When we say that all things are made in and through and for Jesus the Messiah, this is the Jesus we must be talking about. There is no other. He is the same yesterday and today and forever. This means we should at least try to think what it might mean to say that this Jesus and this vision of the Kingdom is the lens through which we might understand creation itself. Instead of starting with a great act of creation, however we can conceive it, and then fitting Jesus somehow into it; saying he was somehow fit into it; saying he was somehow involved in it. We must somehow start with what we know of Jesus’ own vision of truth and the kingdom and power and ask what that might mean for creation itself. The results, I think, are striking.
To begin with, if creation comes through the kingdom bringing Jesus, we ought to expect it be like a seed growing secretly. That it would involve seed being sown in a prodigal fashion in which a lot went to waste, apparently, but other seed producing a great crop. We ought to expect that it be like a strange, slow process which might suddenly reach some kind of harvest. We ought to expect that it would involve some kind of overcoming of chaos. Above all, we ought to expect that it would be a work of utter, self-giving love. That the power which made the world, like the power which ultimately rescued the world, would be the power not of brute force, but of radical, outpoured generosity. We ought to expect, in other words, that the creation would not look like an oriental despot deciding to build a palace, and just throwing it up at speed, with his architects and builders cowering before him.
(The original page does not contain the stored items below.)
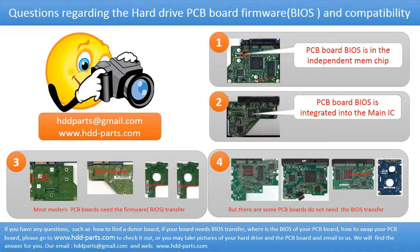If you have any questions — such as how to find a donor board, whether your board needs a BIOS transfer, where the BIOS is on your PCB board, or how to swap your PCB board — please go to www.hdd-parts.com to check it out. Or you may take pictures of your hard drive and the PCB board and email them to us. We will give you the correct answer.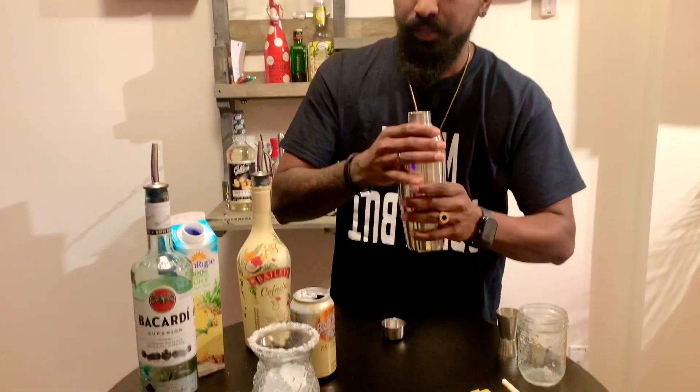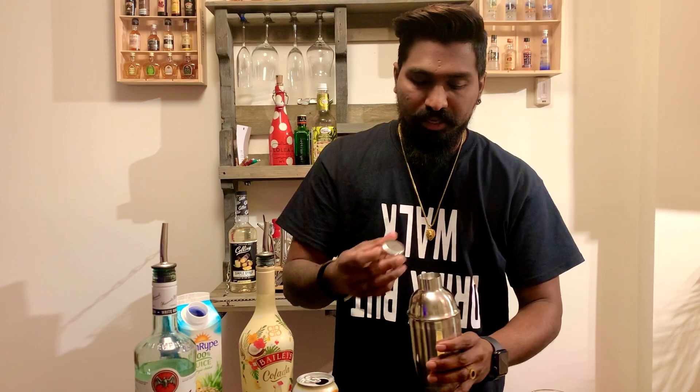Make sure it's tight. Okay, let's start.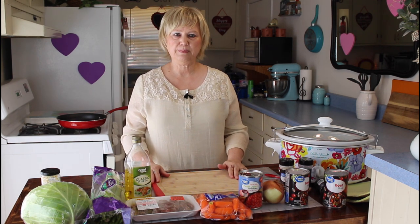Hi everyone, I'm Marie from Southern Country Living, and today I'm making a cabbage beef soup, and it's also a low carb soup.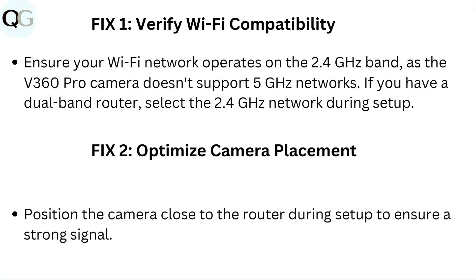Fix 2: Optimize camera placement. Position the camera close to the router during setup to ensure a strong signal.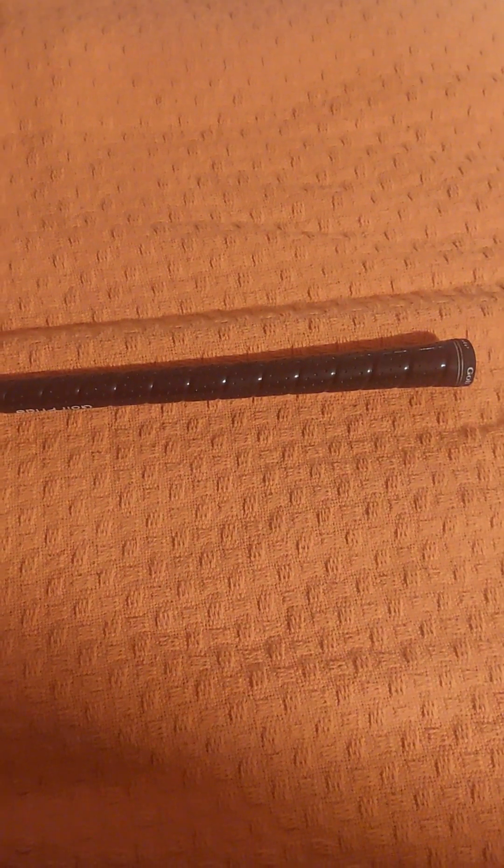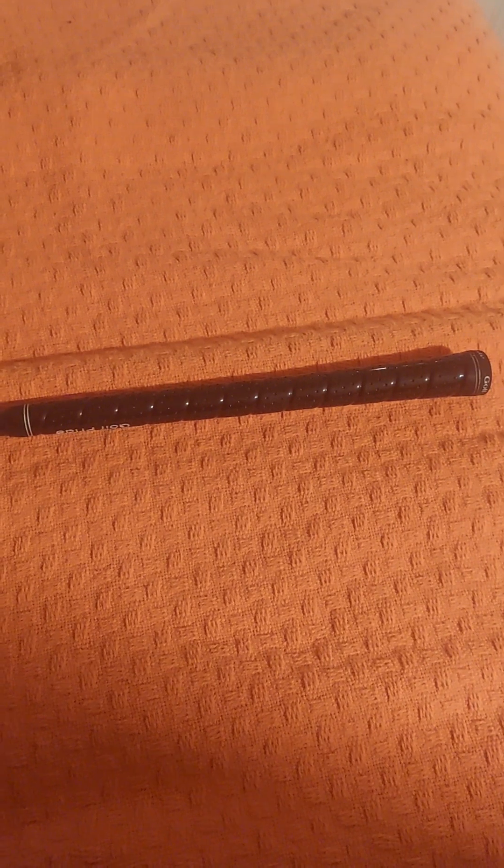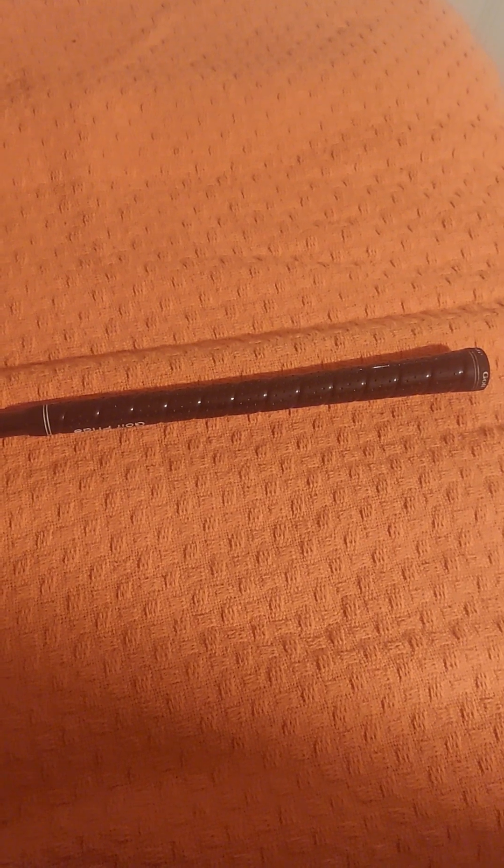If you're getting into the sport or you've never been fit for clubs, go get fitted. It makes a huge difference having clubs made for your swing and your game. Go to a local Golf Tech — it's about $125 for an iron fitting, $125 for a driver, get the putter done, and you're looking at around $250. They will order clubs from the manufacturer made to your specs.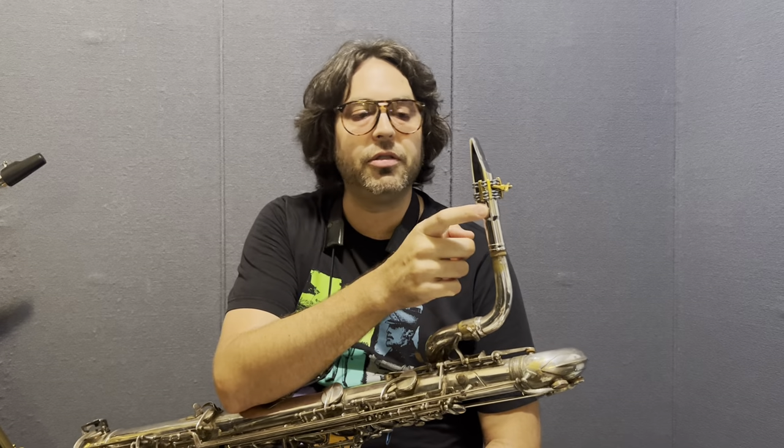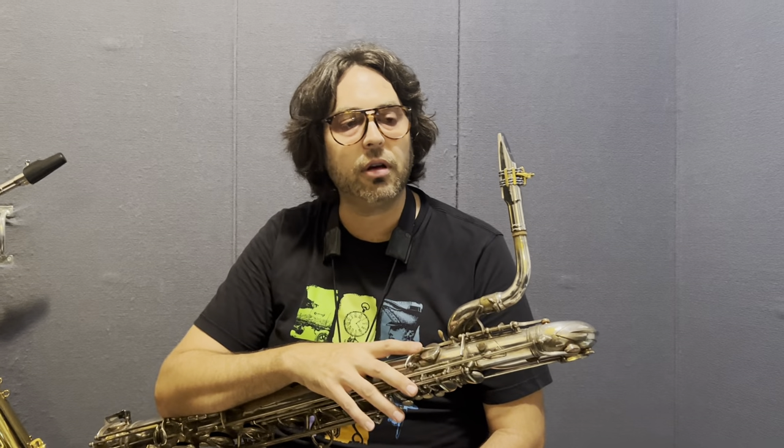Hi everybody, I'm Brian, and I'm here just to show you these Fred LaBelle rosy mouthpieces. They're rhodium plated. I have a few of them left. I have a bunch of friends that play on these and love them. They're a really incredible all-round baritone mouthpiece. Not too bright, but they're powerful enough to be heard while still maintaining a really beautiful sound.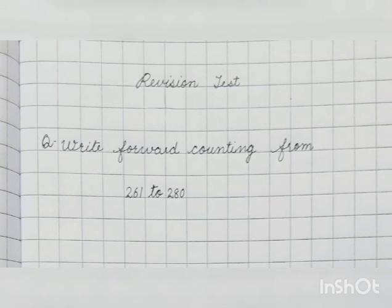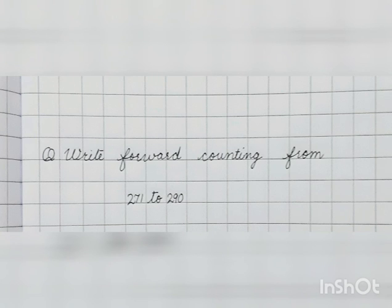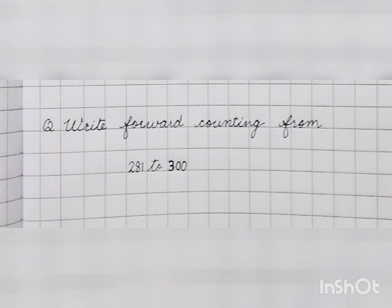In test number 2, you have to write forward counting from 261 to 280. In test number 3, you have to write forward counting from 271 to 290. In test number 4, you have to write forward counting from 281 to 300.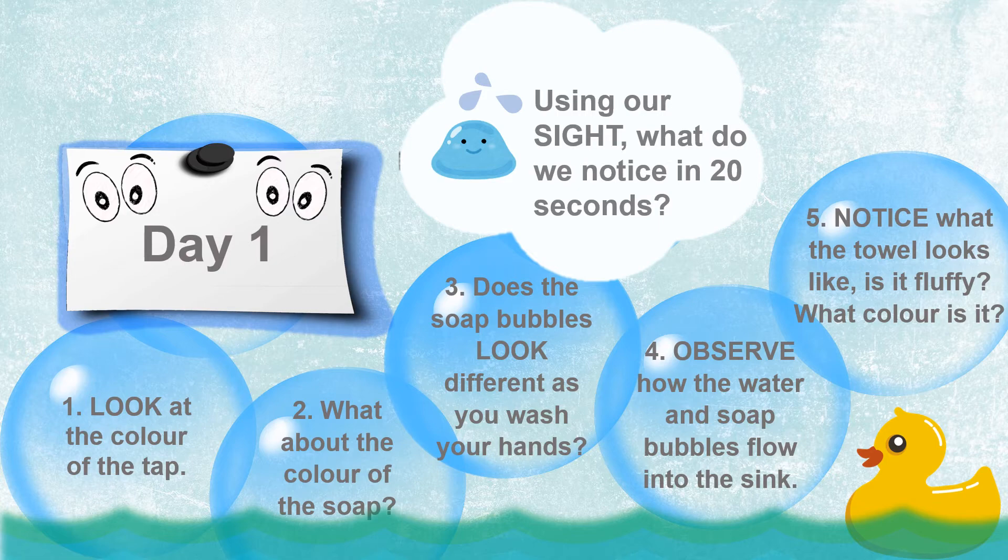Lastly, as you dry your hands with a towel, notice what the towel looks like. Is it fluffy? What color is it?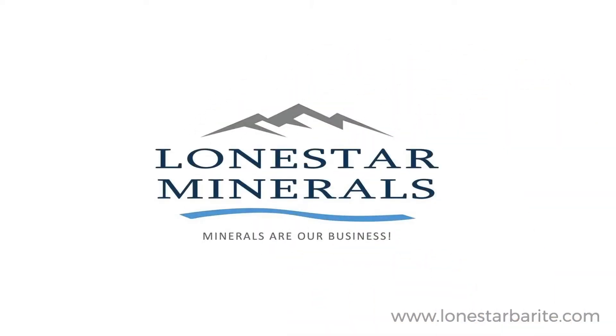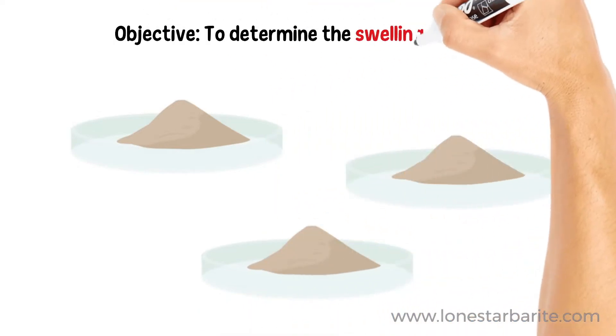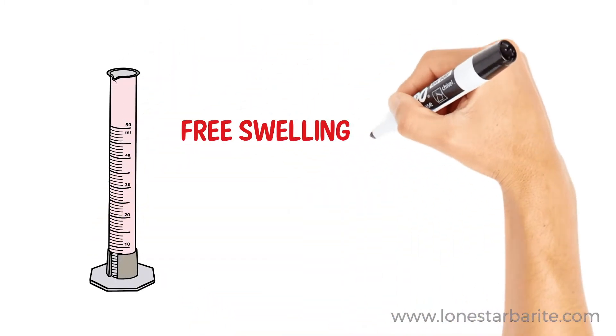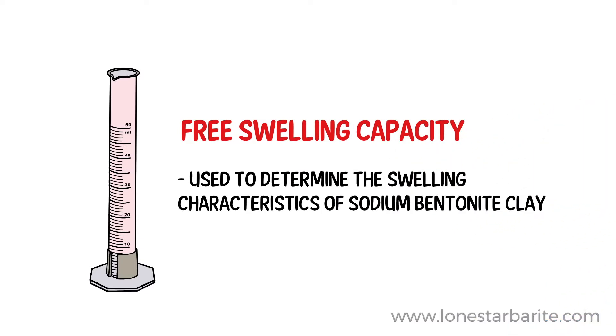Welcome to Lone Star Minerals. The objective of this tutorial is to determine the swelling index of the bentonite sample. The swelling index is often called free swelling capacity and it is used to determine the swelling characteristics of sodium bentonite clay.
We ought to have anticipated that the Deists’ models of creation, conceived on the analogies of the early industrial successes, in the 17th and 18th centuries, might in fact be misleading. And that they would need correcting in the light of either of a better picture of the one through whom creation was accomplished—the Deists were keen to getting Jesus out of the picture—or in the light of fresh scientific research. No one in the late 18th or early 19th centuries was doing the kind of fresh work on Jesus and the gospels that would lead to this picture. But various scientists (not least the Darwin family a century before Charles Darwin), motivated by quite a different worldview—namely, Epicureanism—nonetheless come up with a picture of Origins that looks remarkably like Jesus’ parables of the Kingdom: some seeds go to waste, others bear remarkable fruit; some projects start tiny and take forever, but ultimately produce a great crop; some false starts are wonderfully rescued, others are forgotten. Chaos is astonishingly overcome.
This says nothing about generosity, since that word only makes sense in terms of a personal creator. Which the Epicureans, like Erasmus Darwin, Charles’s grandfather, had ruled out. That’s one of the major differences, but the evolutionists were driven again and again to speak of the prodigality of the natural world. The theologian can pick that up and say, “Yes! Precisely what you would expect if there was a God of boundless, generous love behind it all. The prodigal father. The God we know in and as Jesus the Messiah.”